Cuando el caballero se embutía de nuevo en su abrigo, y antes de que saliera del pequeño saloncito, Ros lo interpeló de nuevo:
—Una última cosa, don Agustín.
—¿Sí? —contestó el otro girándose.
—¿Ha tenido algún problema con su mujer?
—No, no, descuide, está ya en París gastando mi dinero a manos llenas.
Intervino Sánchez:
—Pese a que Tula Adánez era culpable de intentar asesinarle, en caso de que hubiera declarado en un juicio habría provocado un escándalo muy desagradable para usted, ¿no?
—Sí —concedió Sousa sonriendo como el que juega una baza ganadora—. Creo que puede decirse que fue una suerte para mí que escapara.
—¿Escapara? —repitió escéptico Sánchez.
Lewis dijo en aquel momento:
—La última vez que se la vio corría hacia los carruajes. Justo donde estaban apostados sus hombres, ¿no, don Agustín?
—Un misterio, sí —contestó Sousa sonriendo con cinismo—. No la vieron llegar allí. Ninguno de mis hombres.
—Algo me dice que no hablará nunca más —terció Víctor—. Alguien la calló para siempre. No es buen asunto meterse con los poderosos.
—Usted lo ha dicho, no yo. Ya saben dónde me tienen —se despidió Agustín Sousa dando por terminada aquella conversación para salir elegantemente del reservado.
—Está claro para mí. Está muerta —sentenció Vicente Sánchez con cierto aire de nostalgia en la mirada.
En el camino de vuelta a casa, y siempre bajo la atenta mirada de Blázquez, Víctor y Lewis pudieron hablar largo y tendido. Mirando por la ventanilla del tren y con la vista perdida en los inmensos trigales de la meseta, Ros dijo:
—Lewis, he decidido que quiero mejorar mi intuición, aunque suene a locura.
—¿Qué? —se interesó Blázquez, que no sabía de qué hablaban.
—Aquí, su amigo, tiene lo que ustedes llaman una gran intuición.

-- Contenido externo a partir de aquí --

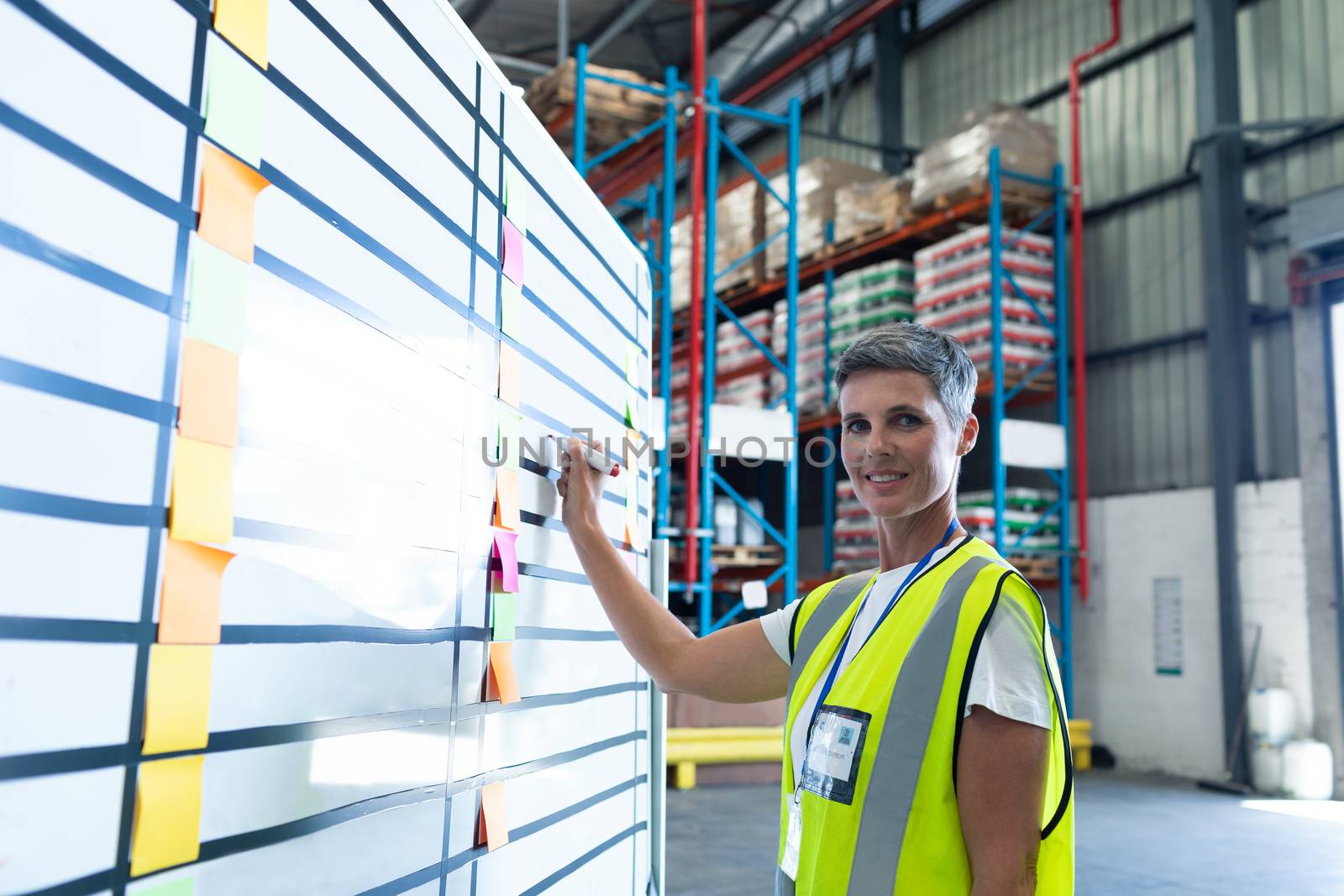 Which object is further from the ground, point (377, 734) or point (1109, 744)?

—Es cierto. Siempre lo he pensado, sí.
El inglés continuó hablando:
—Yo prefiero llamarlo preinteligencia. Es todo ciencia. La mente de Víctor percibe cosas sin saberlo, cosas que a los demás se nos escapan y a veces puede dar la sensación de que se adelanta a los acontecimientos. Sólo es una cuestión de observación, y hay personas más observadoras que otras. Eso es susceptible de mejora, siempre que lo entrenemos. Todos tenemos nuestras capacidades y podemos mejorarlas. Víctor ya lo ha hecho con la mayoría de ellas, pero todo es mejorable. Mire, Alfredo. —Lewis sacó una baraja española y mirando a Víctor dijo—: Piense, concéntrese. La carta que he elegido, ¿es mayor o menor de cinco?
Ros cerró los ojos y contestó:
—Mayor.
El británico volvió la carta: el seis de copas.
—¿Y ésta? —preguntó extrayendo otra que ocultó a Víctor.
—Diría que... mayor.
—El ocho de bastos.
—Prueba con otra —pidió Blázquez.
Lewis sacó un nuevo naipe y Víctor, después de pensarlo, indicó:
—Menor de cinco.
—El tres de copas —confirmó Lewis—. Impresionante...
—¡Ha tenido suerte! —exclamó don Alfredo.
—Pruebe usted.
—Venga.
—Esta carta, ¿es mayor o menor de cinco?